- **Required work**
Restate all the entries exactly as they appear, apart from the pictures.
Material provided section start
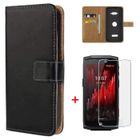 BOONGET Haute Qualité Housse Crosscall Core M5 Luxe Étui à rabat Housse Noir + HD Verre Trempé Crosscall Core M5 Protection Écran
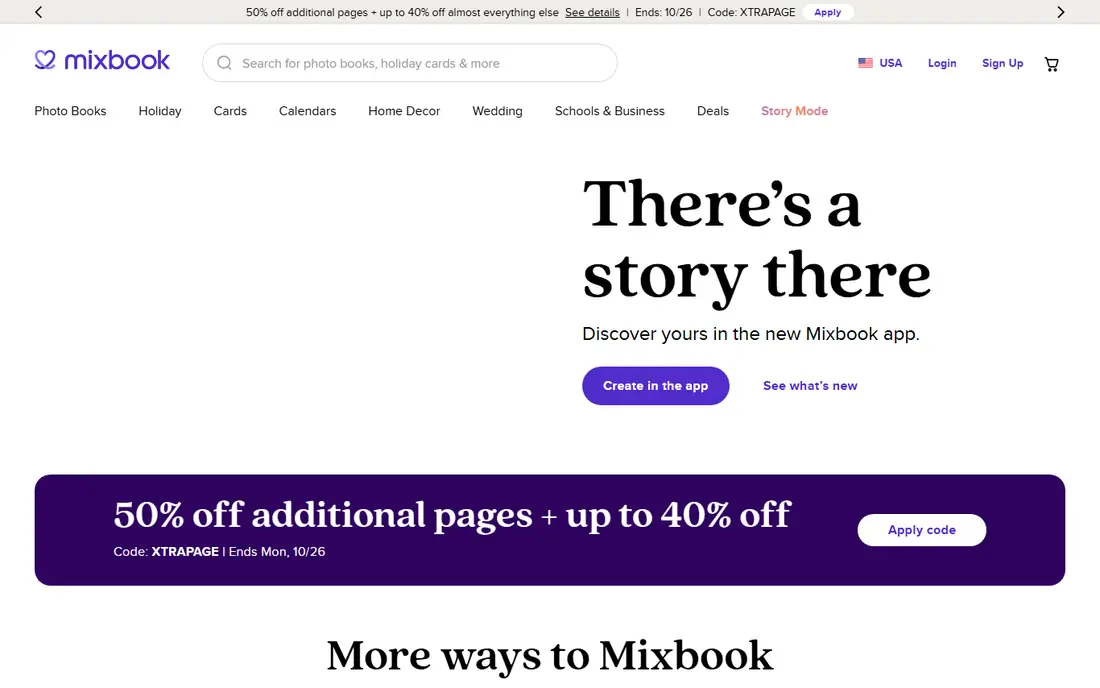 Mixbook homepage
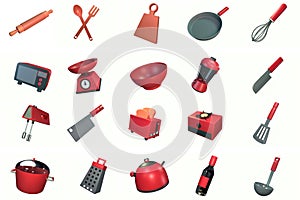 cartoon set of kitchen tools on a white background 3d rendering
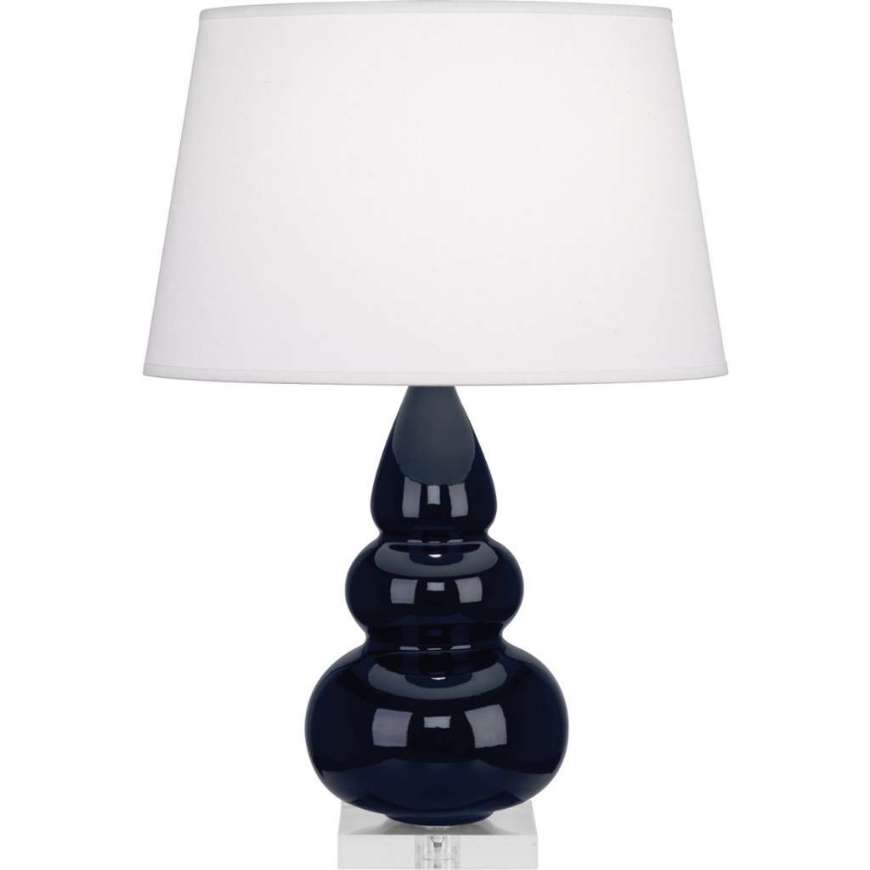 Picture of MIDNIGHT SMALL TRIPLE GOURD ACCENT LAMP IN MIDNIGHT BLUE GLAZED CERAMIC WITH LUCITE BASE MB33X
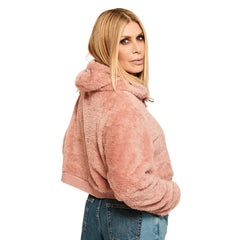 Jill Martin Women's Tonal Sherpa Cropped Hoodie - Buffalo Bills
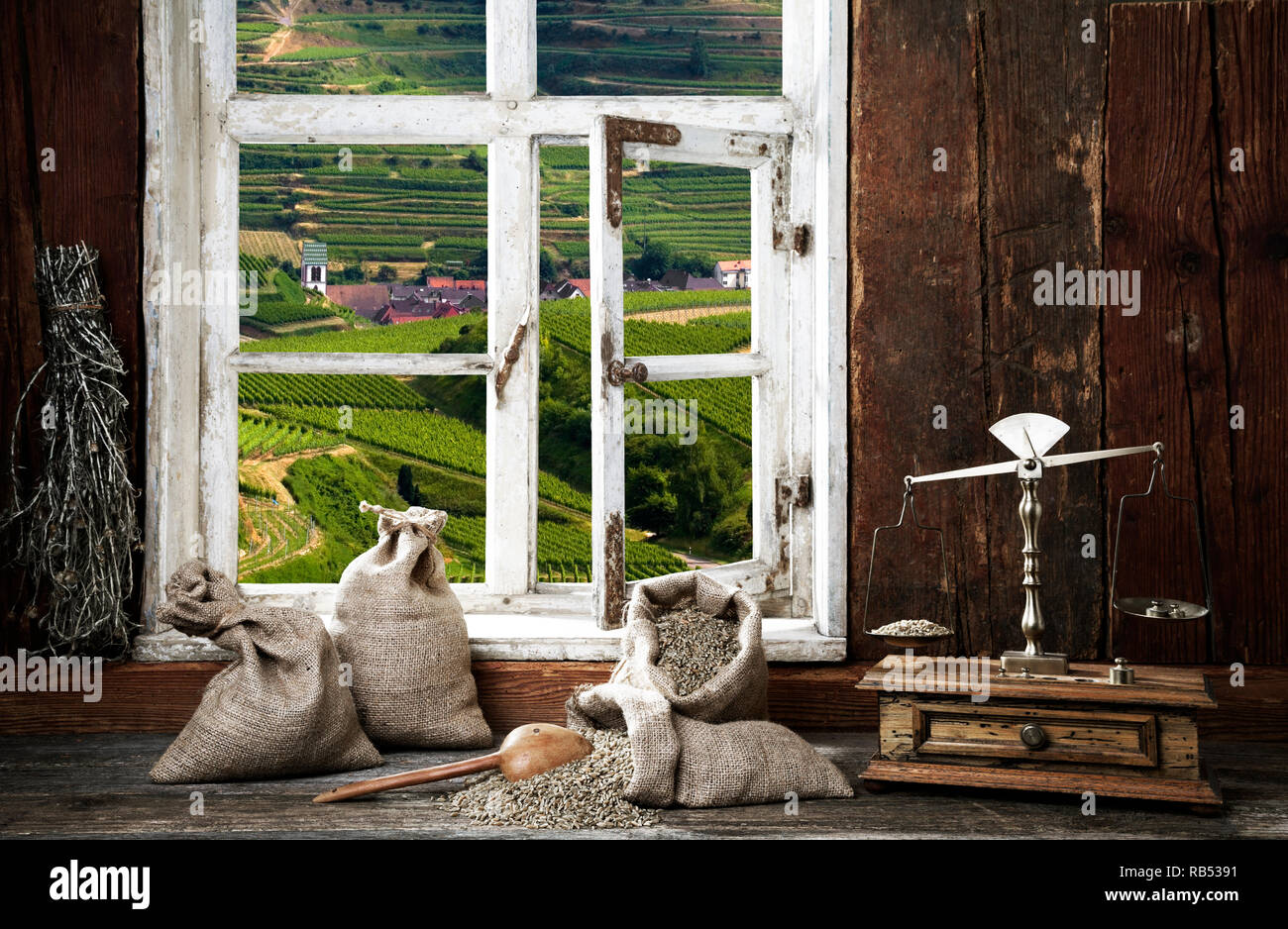 Bauernstube, Blick durch das Fenster Stock Photo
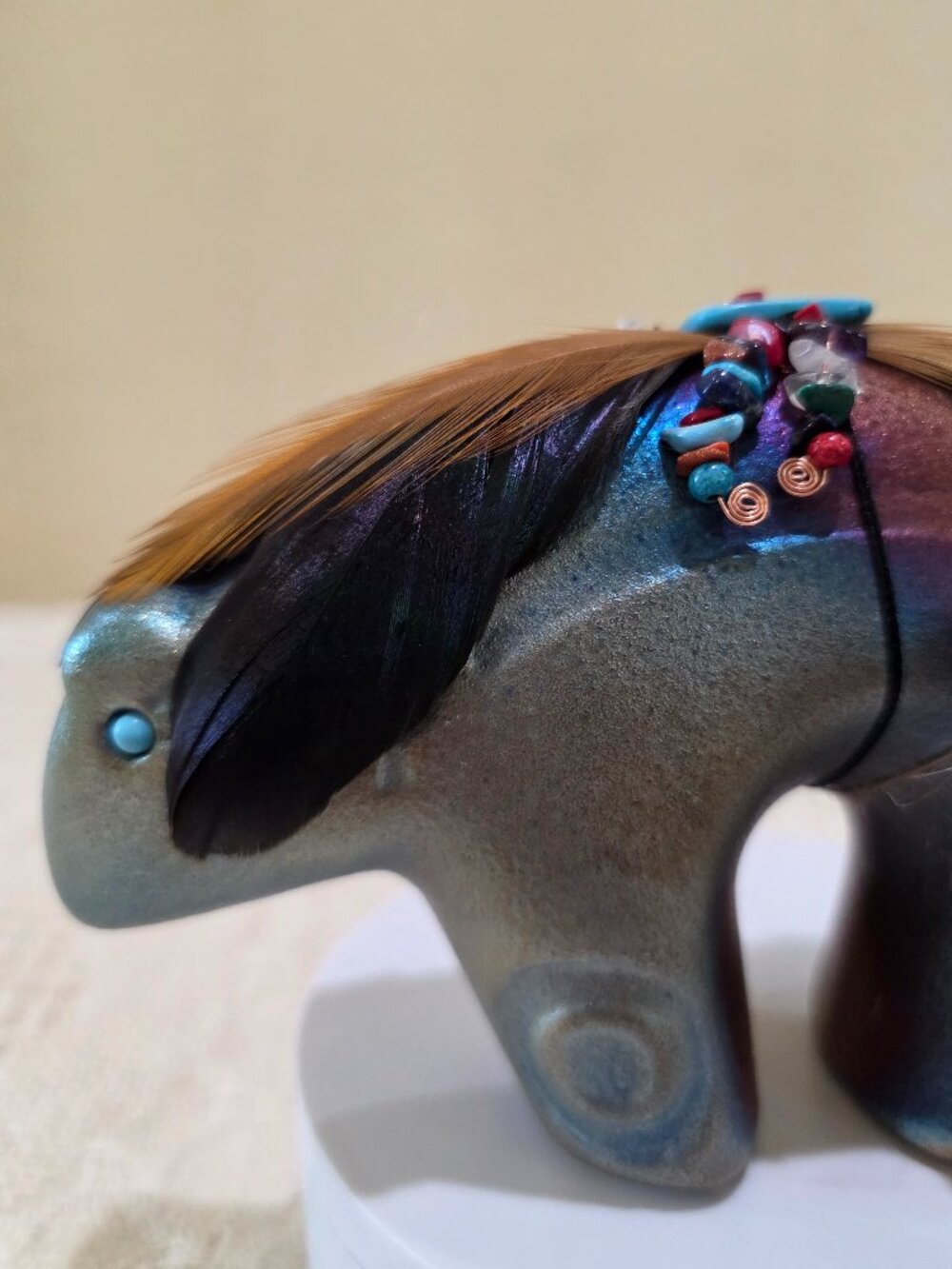 Jeremy Diller Raku Pottery Spirit Bear Fetish Figurine Turquoise Eye Feathers B2 - Picture 4 of 17
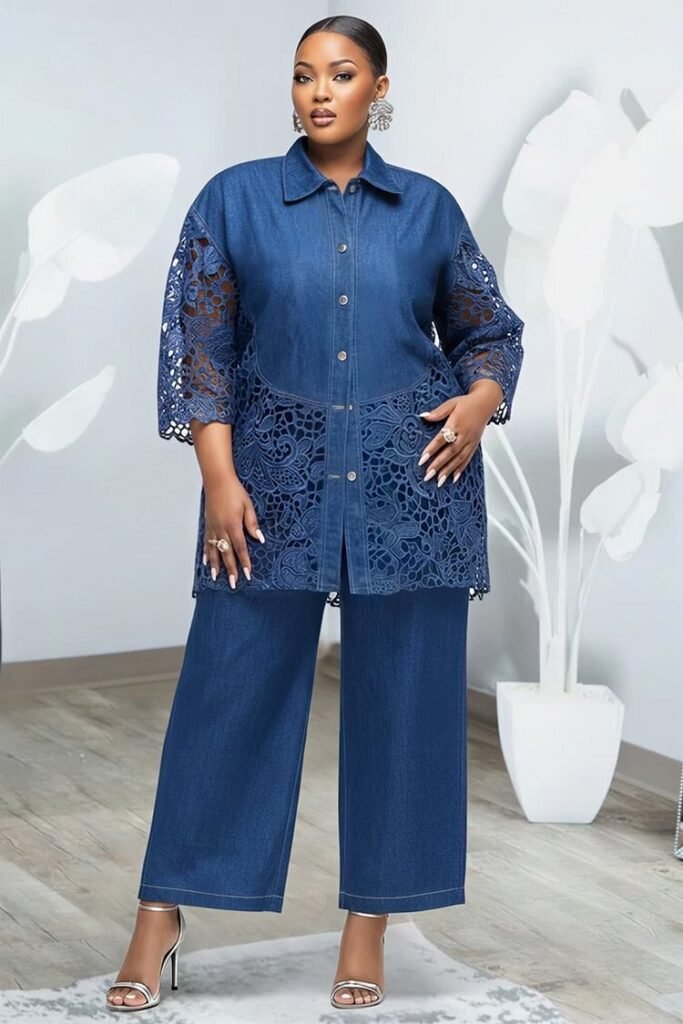 Plus Size Business Casual Lace Blue Shirt Collar 3_4 Sleeve Contrast Wide Leg Tencel Denim Two Piece Pant Set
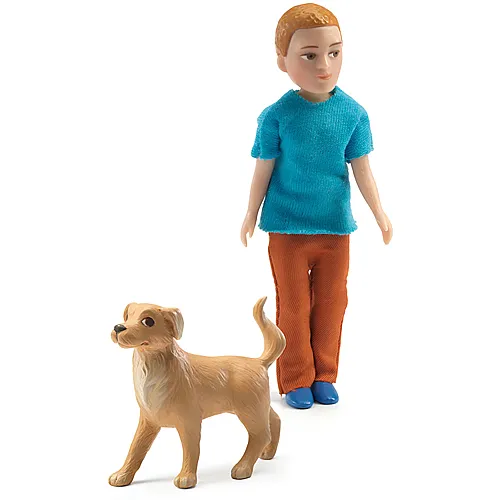 Djeco Puppenhaus Xavier und sein Hund (11.5cm)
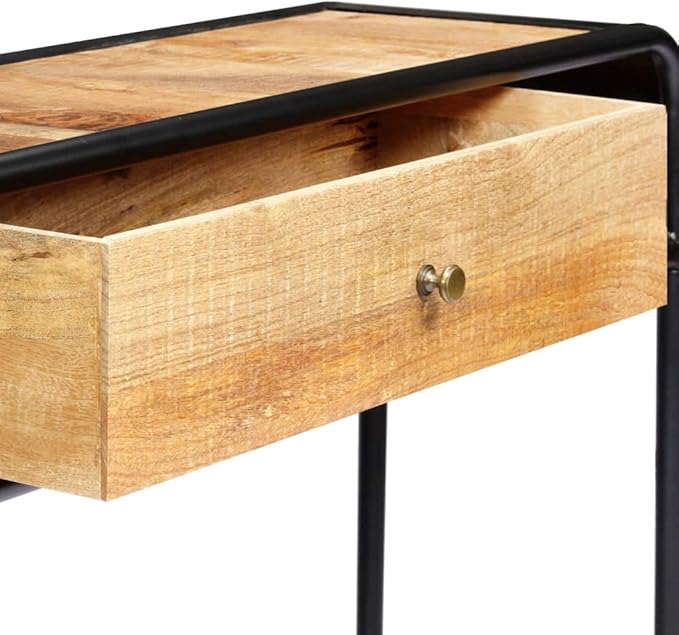 Console Table with 1 Drawer and 2 Compartments, 46.5"x11.8"x29.5" Solid Mango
Material provided section end
- **Output for this task**
 BOONGET Haute Qualité Housse Crosscall Core M5 Luxe Étui à rabat Housse Noir + HD Verre Trempé Crosscall Core M5 Protection Écran
 Mixbook homepage
 cartoon set of kitchen tools on a white background 3d rendering
 Picture of MIDNIGHT SMALL TRIPLE GOURD ACCENT LAMP IN MIDNIGHT BLUE GLAZED CERAMIC WITH LUCITE BASE MB33X
 Jill Martin Women's Tonal Sherpa Cropped Hoodie - Buffalo Bills
 Bauernstube, Blick durch das Fenster Stock Photo
 Jeremy Diller Raku Pottery Spirit Bear Fetish Figurine Turquoise Eye Feathers B2 - Picture 4 of 17
 Plus Size Business Casual Lace Blue Shirt Collar 3_4 Sleeve Contrast Wide Leg Tencel Denim Two Piece Pant Set
 Djeco Puppenhaus Xavier und sein Hund (11.5cm)
 Console Table with 1 Drawer and 2 Compartments, 46.5"x11.8"x29.5" Solid Mango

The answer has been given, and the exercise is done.